My initial thinking is we add a command erlup install <version>
. The user can then use that instead of erlup build <tag>
if they want to use a binary release. I sort of want install
to also set the new version as the default, simply because install
just sounds like it would do that -- of course with a --no-default
option to not change the default.
But if install
does update the default then there should also be a way to use it to build a tag and set it as default. I suppose it could be as simple as erlup install --tag <tag>
will do a build and erlup install <version>
will always do binary releases.
Oh and install
should probably still support --repo
to make it easy to test pointing at different repos for fetching the releases., esp since they'll eventually be moving to the erlang/otp repo.
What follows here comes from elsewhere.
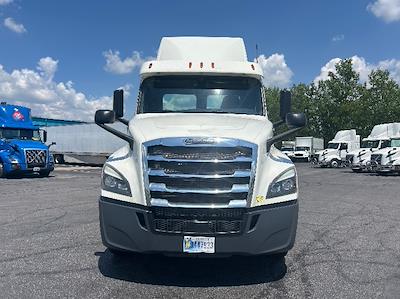 Used 2018 Freightliner Cascadia Detroit DD13 Semi Truck for sale #316889 - photo 2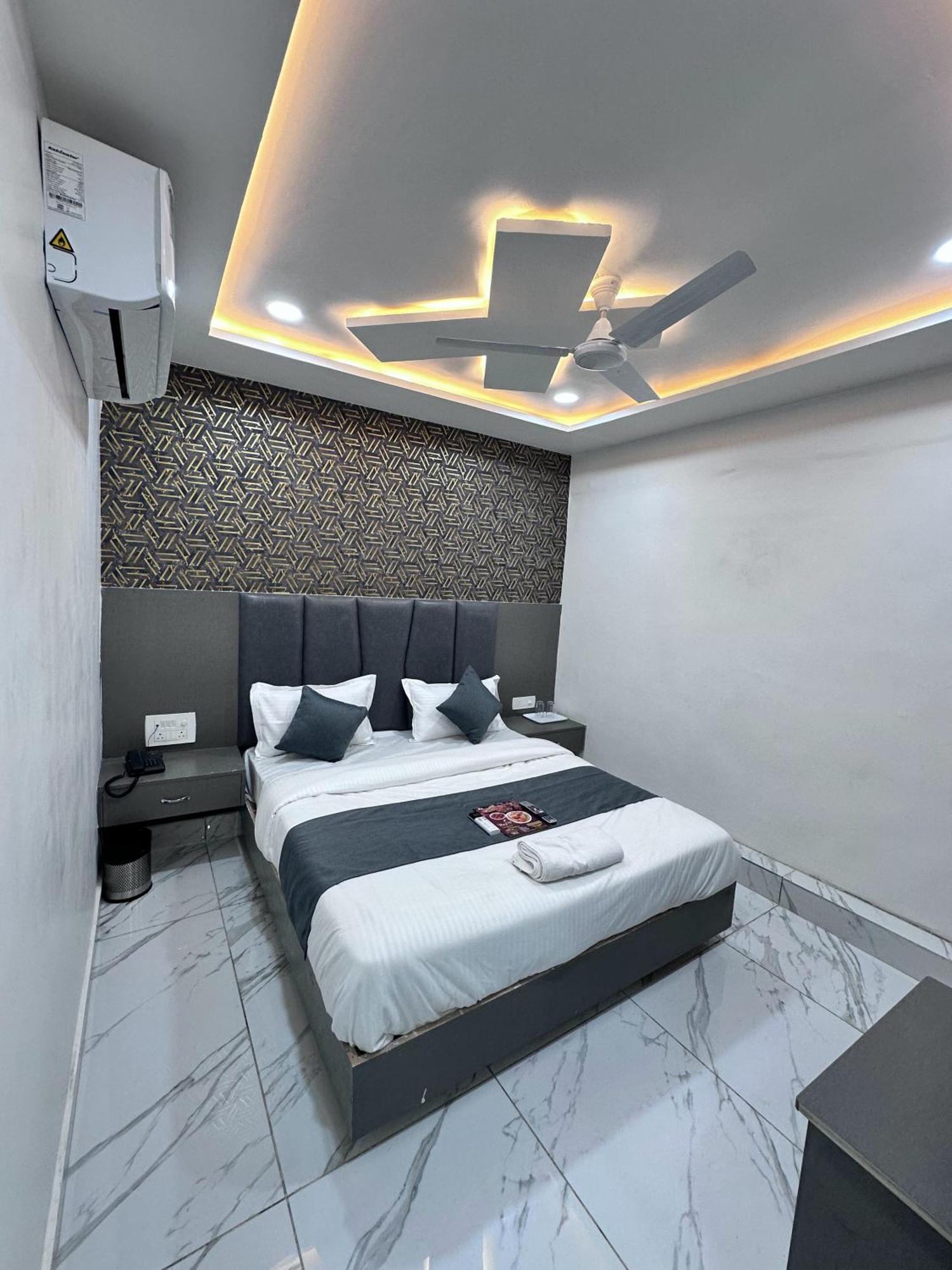 Hotel The Pacific Ahmedabad Airport ภายนอก รูปภาพ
Maybe we should try and first streamline the current interface and see where this would fit, i still get a bit confused with default
/switch
and build
/fetch
/report
The way i see it, people want to:
- build an Erlang from source, any repo that they choose, defaults to OTP's
- fetch a pre-compiled Erlang from somewhere, defaults to Wojteck's (or OTP's)
- switch around between any of the above
I envision the following:
erlup repo ls/add/rm --[source, binary]
: adds source/binary repos with a given name, both default to OTP'serlup build <id> <repo>
, builds an Erlang and makes it available somewhere through the iderlup install <id> <repo>
, install a pre-compiled Erlang fromerlup default <id>
, as iserlup delete <id>
, as iserlup show
, rename oferlup list
And you think we should rename switch
to use
?
rustup
only has one command to switch around between toolchains, i think default
, switch
or use
are all fine names, i just think it should be a single one
@lrascao hm? But you need a command that can set the global Erlang to use and one to set the Erlang to use for the cwd.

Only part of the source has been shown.